THE RECORDS:
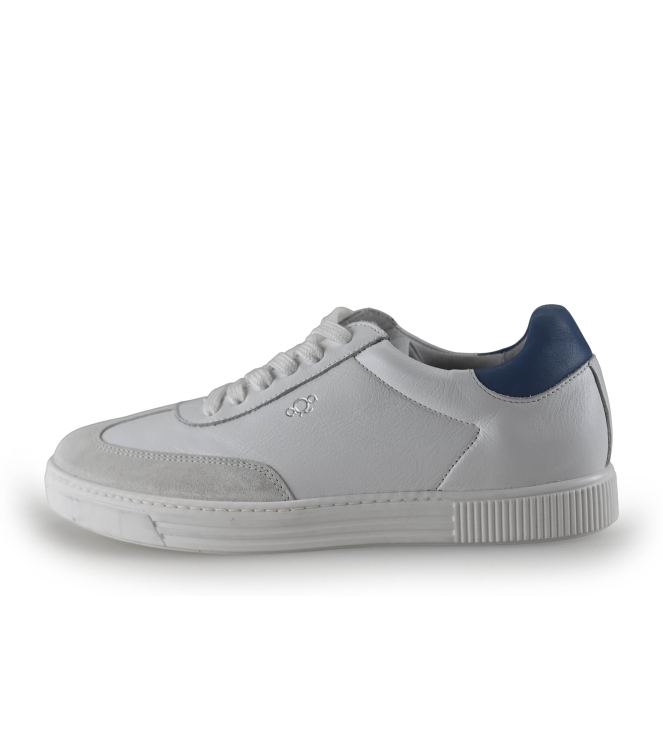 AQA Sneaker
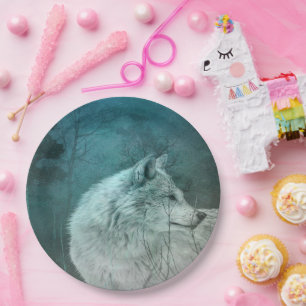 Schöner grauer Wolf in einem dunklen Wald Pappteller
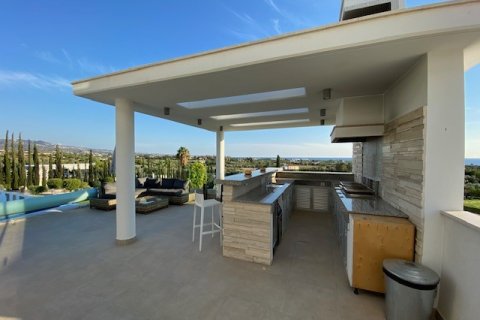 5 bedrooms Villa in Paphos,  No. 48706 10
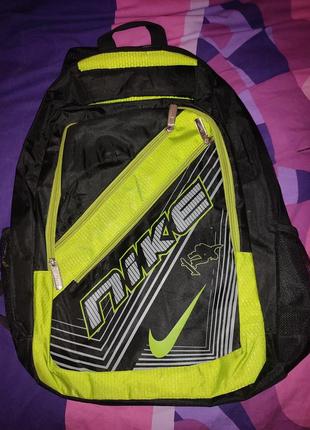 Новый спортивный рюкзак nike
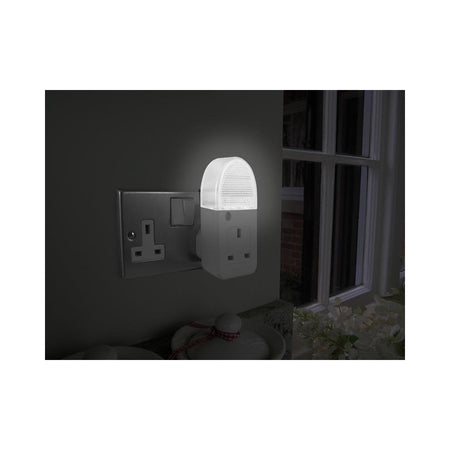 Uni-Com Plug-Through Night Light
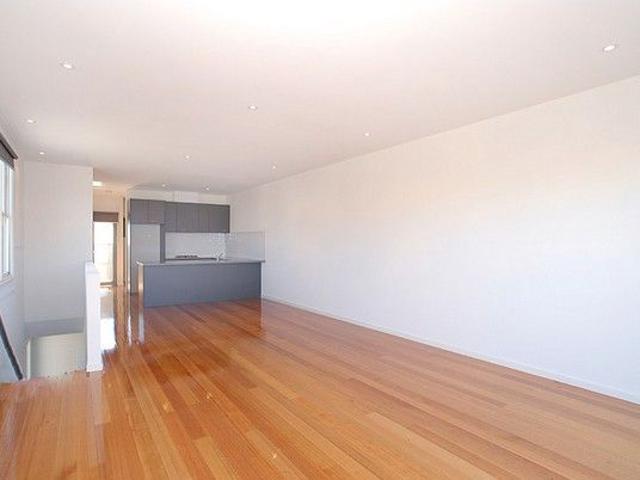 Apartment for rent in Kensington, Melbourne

--

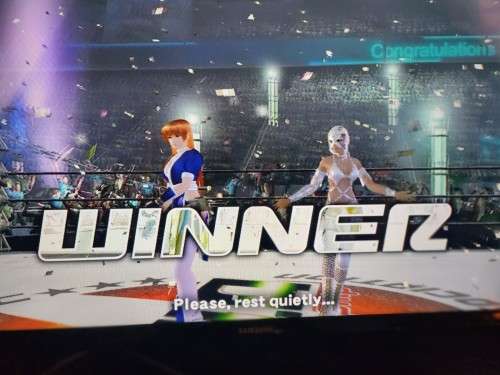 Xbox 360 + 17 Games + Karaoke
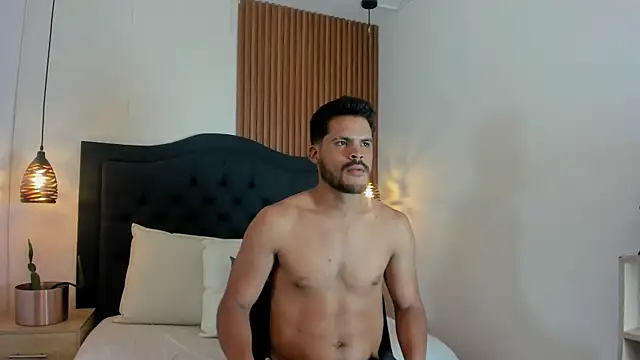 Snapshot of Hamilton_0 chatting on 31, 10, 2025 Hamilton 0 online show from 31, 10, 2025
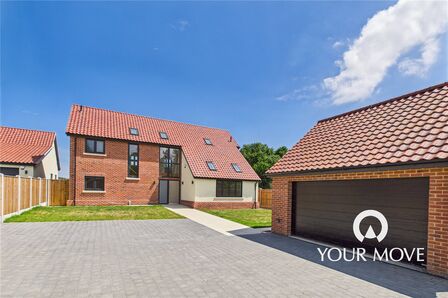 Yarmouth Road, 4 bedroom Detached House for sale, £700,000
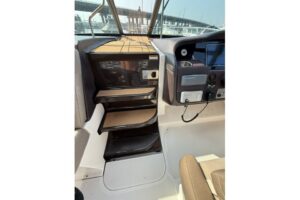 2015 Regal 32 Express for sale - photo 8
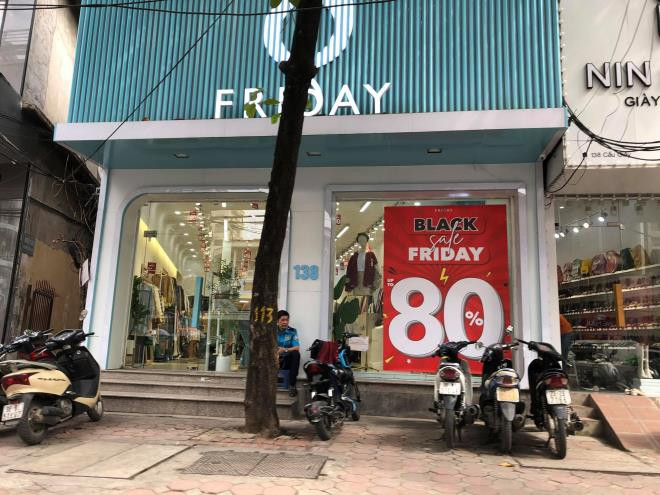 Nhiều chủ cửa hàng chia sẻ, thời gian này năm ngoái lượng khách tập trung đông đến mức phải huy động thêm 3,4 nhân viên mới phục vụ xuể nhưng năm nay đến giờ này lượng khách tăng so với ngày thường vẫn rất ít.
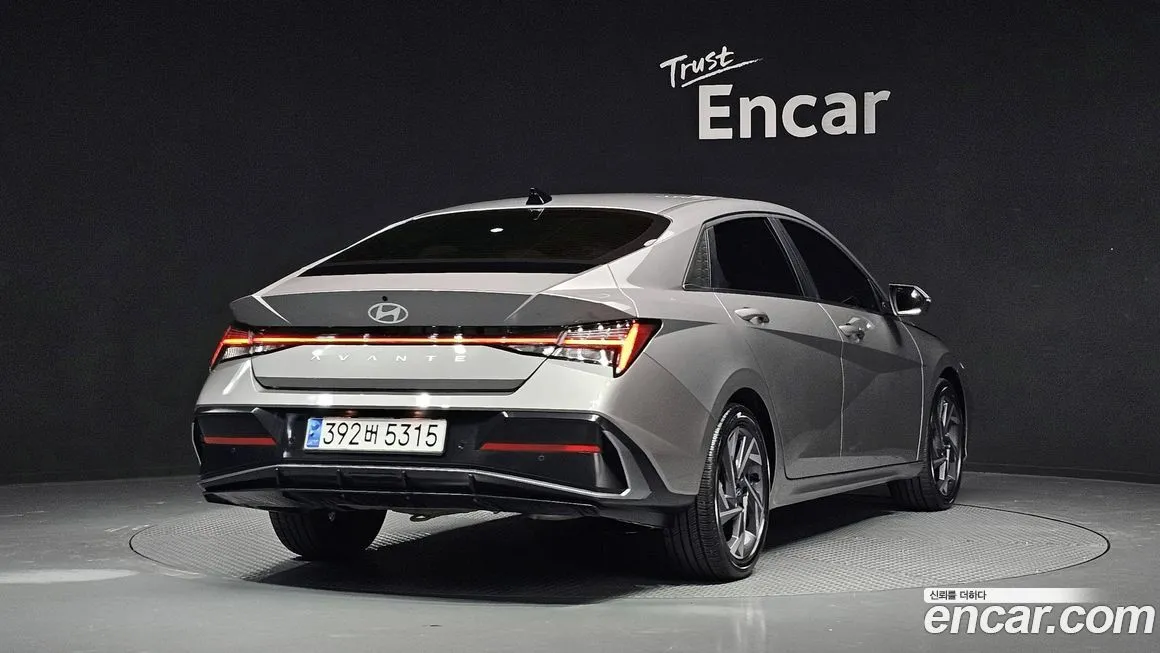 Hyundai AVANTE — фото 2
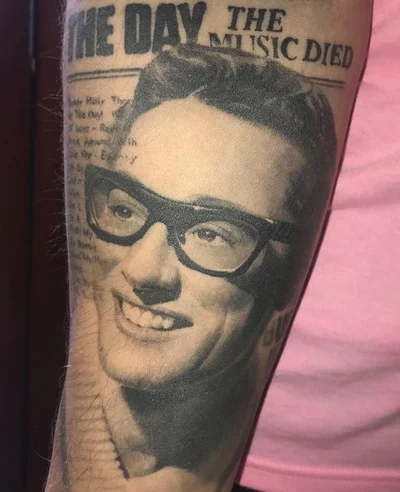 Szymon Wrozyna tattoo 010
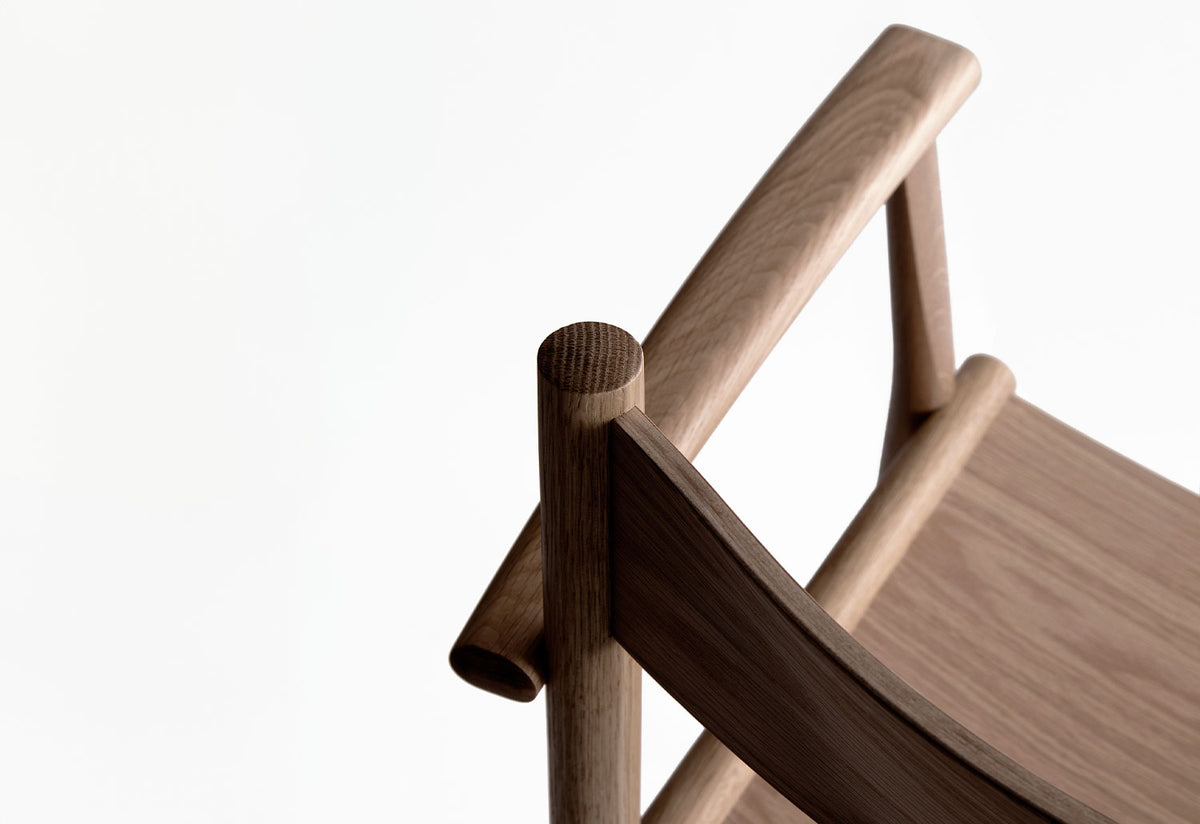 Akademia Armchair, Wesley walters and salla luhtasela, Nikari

TASK GOAL: In the listing above, find the line with "Nhiều chủ cửa" and the line with "Akademia Armchair, Wesley". Set down both and every line between them, minus the pictures.

SOLVED EXERCISE:
 Nhiều chủ cửa hàng chia sẻ, thời gian này năm ngoái lượng khách tập trung đông đến mức phải huy động thêm 3,4 nhân viên mới phục vụ xuể nhưng năm nay đến giờ này lượng khách tăng so với ngày thường vẫn rất ít.
 Hyundai AVANTE — фото 2
 Szymon Wrozyna tattoo 010
 Akademia Armchair, Wesley walters and salla luhtasela, Nikari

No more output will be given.